*Exercise*.
Copy the listing as it is written, and leave each picture out.

*Material provided*.
━━━━━━━━━━━━━━━━
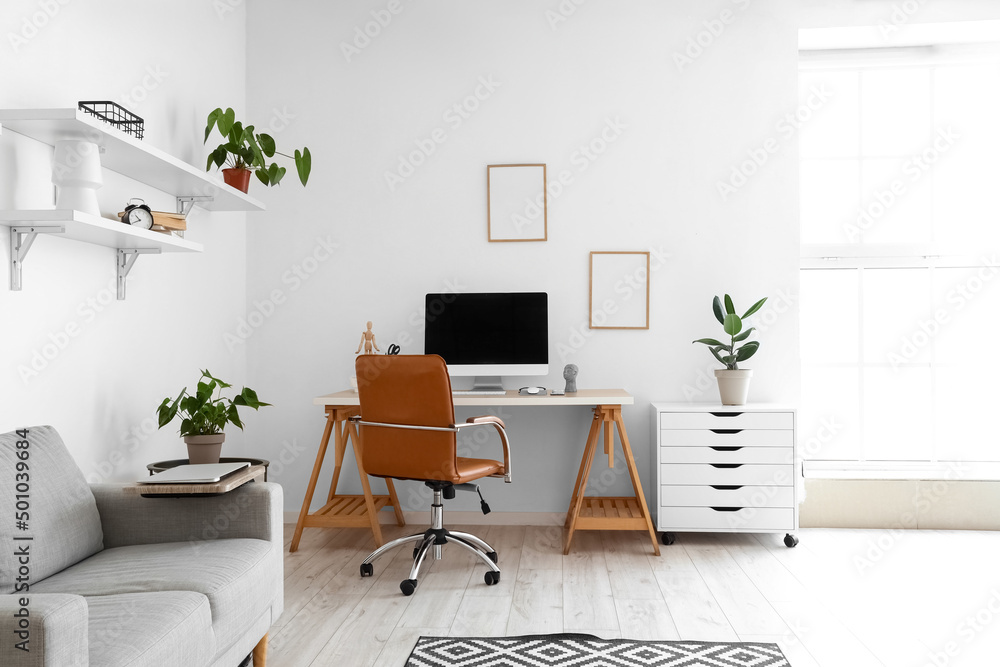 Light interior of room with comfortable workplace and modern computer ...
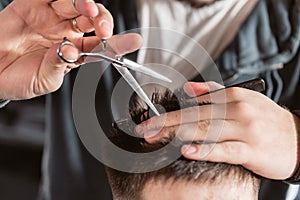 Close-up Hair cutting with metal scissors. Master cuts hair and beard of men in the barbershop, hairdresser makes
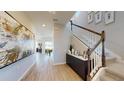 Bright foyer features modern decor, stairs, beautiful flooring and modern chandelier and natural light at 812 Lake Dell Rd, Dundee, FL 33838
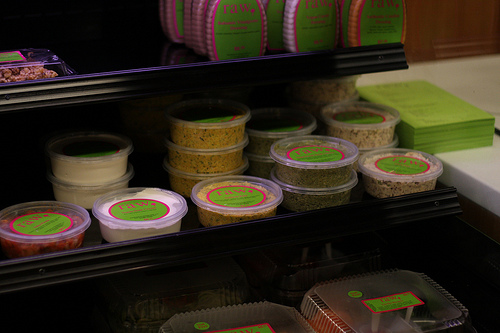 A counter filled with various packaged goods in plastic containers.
━━━━━━━━━━━━━━━━
*Exercise result*.
 Light interior of room with comfortable workplace and modern computer ...
 Close-up Hair cutting with metal scissors. Master cuts hair and beard of men in the barbershop, hairdresser makes
 Bright foyer features modern decor, stairs, beautiful flooring and modern chandelier and natural light at 812 Lake Dell Rd, Dundee, FL 33838
 A counter filled with various packaged goods in plastic containers.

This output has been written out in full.